Que manda decir el oso polar que tenemos de huésped en el Zoológico Guadalajara que si no podría alguien ir a sacar la basura de la alberca que simula milimétricamente su hábitat en el Polo y que si, de pasadita, pueden ponerle algo para hacerle una sombra al medio día; el sol en su jaula brilla más en un solo lunes de Semana Santa que en los seis meses que dura el día en el extremo boreal de la Tierra. Bueno, y ya en plan de pedir, aunque quizá sea demasiado: que limpien el cristal, ya roto, a través del cual se supone podríamos verlo nadar.

—Felicidades a los cuidadores de la imagen de la ciudad: también en las calles del zoológico hay baches. La constancia es uno de los atributos más escasos entre quienes atienden los espacios públicos; sorprende la unidad que lograron en el pavimento de toda la zona metropolitana.

—Digna de resaltar la ausencia de populismo entre los responsables de los sitios de esparcimiento en la ciudad: 160 pesos es el costo para que un niño y un adulto entren al zoológico con derecho para visitar el acuario, incluido el estacionamiento de 34 pesos. Familias vecinas del salario mínimo, favor de abstenerse.
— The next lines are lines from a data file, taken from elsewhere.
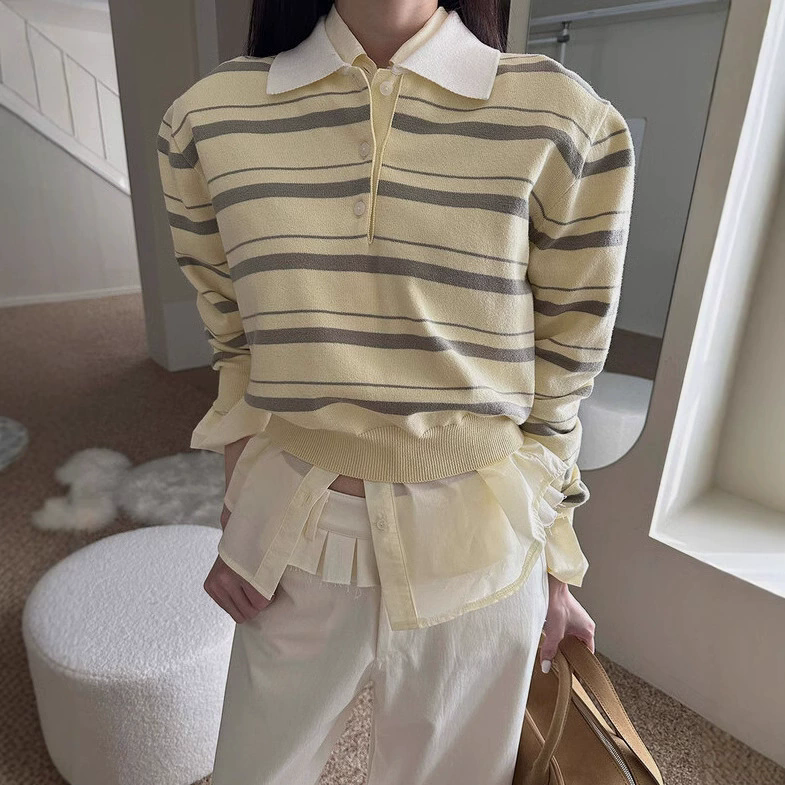 Stylish Color-Blocked Collared Loose Striped Long-Sleeved Knit Sweater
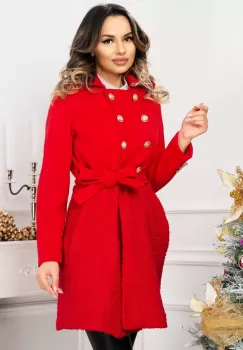 Palton dama rosu elegant cu nasturi aurii imagine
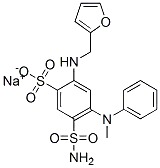 Molecular Structure of 111744-90-2 (5-(Aminosulfonyl)-2-[(2-furanylmethyl)amino]-4-(methylphenylamino)benzenesulfonic acid sodium salt)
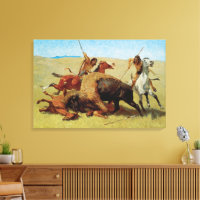 Buffalo Hunt by Remington, Vintager Indianer
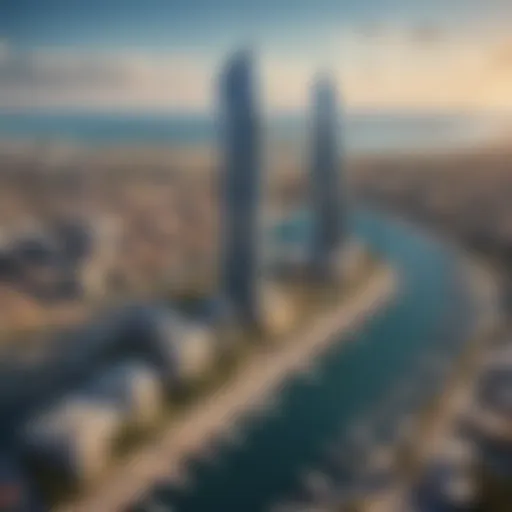 Aerial view of Escan Tower Marina showcasing its architectural design and surrounding area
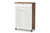 Baxton Studio Coolidge Modern And Contemporary White And Walnut Finished 5-Shelf Wood Shoe Storage Cabinet With Drawer FP-03LV-Walnut/White By Wholesale Interiors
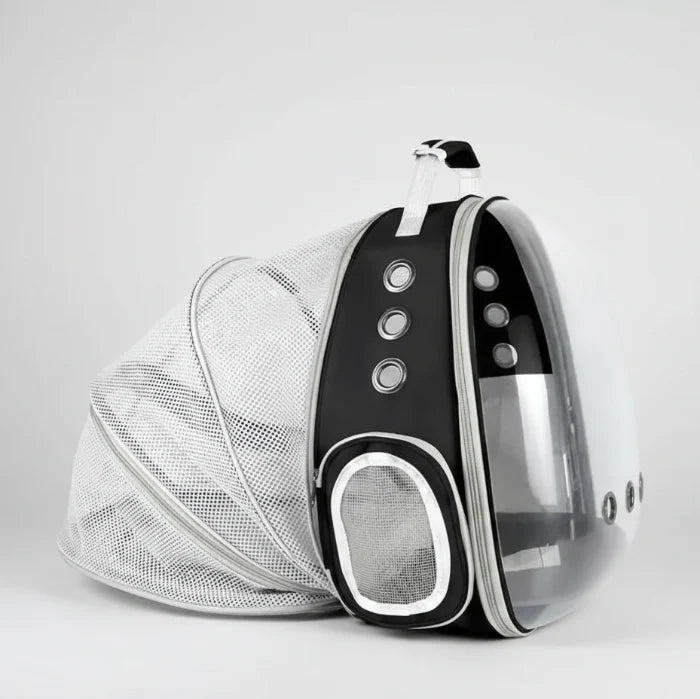 Sac à dos transport chien et chat avec coque transparente et aération pour un transport sécurisé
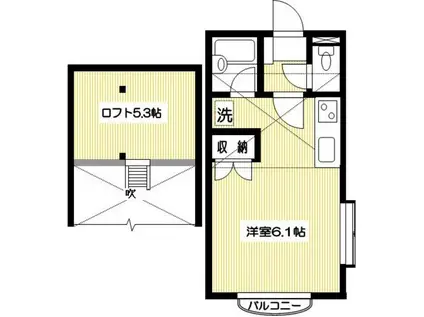 メゾングラシューズ(ワンルーム/1階)の間取り写真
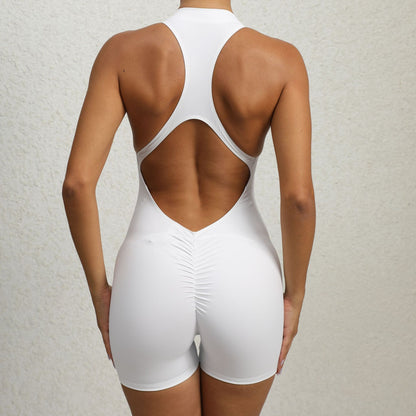 Backless Playsuit with Zipper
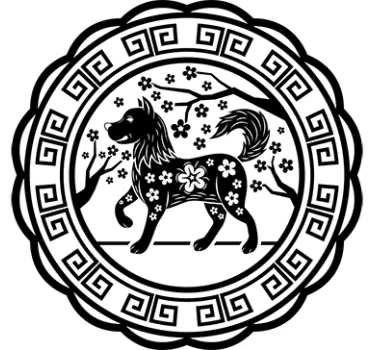 Elegantti koiran siluetti kissatarra ja koiratarra - Tenstickers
—Claro, luego de disfrutar el Jueves y el Viernes Santos de la ciudad casi vacía, entiende uno muy bien la política de precios del zoológico: lo que afea la ciudad y la hace apenas habitable es la gente, y su ansia de andar todos los días de un lado a otro en sus coches; así que entre menos de ésta haya, mejor.

—Cuánto silencio hay en Guadalajara un Viernes Santo. Tanto, que espanta. Nos quejamos por el tráfico, por la carencia de estacionamientos, por la obra pública, por la inseguridad… por mil cosas, pero nunca aparece como reclamo esta necesidad de silencio, tal vez porque ya no lo conocemos. Uno de los requisitos que debería cumplir el transporte público es que sus camiones tengan motores y frenos casi mudos; pero si los gobernantes no consideran necesario que el servicio de Macrobús posea equipo para acondicionar el aire —lo cual es un menosprecio mayúsculo para los ciudadanos, usen o no el servicio— menos van a ponerse exigentes con los señores de la movilidad urbana (como pomposamente le llaman a la necesidad de desplazamiento de las personas), imponiéndoles el uso de vehículos no ruidosos.

—Mucho del encono que se percibe cualquier día que no sea Santo, al andar por la ciudad, se debe, eso creo luego de estos últimos dos días en Guadalajara, al incesante rumor que se nos mete como un zumbido, que taladra la conciencia y la subconciencia y no nos deja estar sosiegos. Hace unas semanas Luis González de Alba, en su columna La calle, contó como un viernes de concierto de la Filarmónica de Jalisco, las autoridades hicieron coincidir, a unos metros del teatro Degollado, una tocada multidecibélica; buena nomás porque estaba dirigida al pueblo, ése cuya definición nos heredaron los romanos del Circo, hace dos mil años. A nadie en su sano juicio se le ocurriría plantear que un gobernante esté haciendo algo por el pueblo, si no lo anuncia montado en cientos de watts de potencia sonora (reales y metafóricos)… y si a esto se suman los camiones vociferando, el ruido de los autos, la música que a todo volumen ponen algunas tiendas en el Centro, mejor: se trata de que nadie entienda nada, ni se pregunte nada, ¿para qué? El ruido es muestra fehaciente de que progresamos, o al menos de que algo hacen las autoridades: ruido.

—Tanto desarrollo, tantos planes y estudios, tanta democracia, tantas universidades en la zona metropolitana, para terminar descubriendo que lo único que le estorba a Guadalajara, a muchas ciudades, son sus habitantes, nosotros, y sus artilugios: en el abandono y el silencio de un Viernes Santo, los árboles de la ciudad ganan en dignidad, la arquitectura se alza evidente y la sensación que nos envuelve es la de estar en un espacio que nos pertenece y al que pertenecemos, aprehensible, por el que podemos caminar y estar, re-conociéndonos: la ciudad y nosotros.

—Quizá muchos de los problemas que padecemos podemos enfrentarlos mejor si los planteamos a partir de la atmósfera que crean: auditiva, visual u olfativa. Pero por lo pronto, que alguien atienda al oso polar del zoológico, porque va a estar difícil alcanzar a escuchar sus quejas luego de que la ciudad vuelva a estar a merced de nuestra incomprensible prisa, de la ira que nos produce andar en montón motorizado por la calle.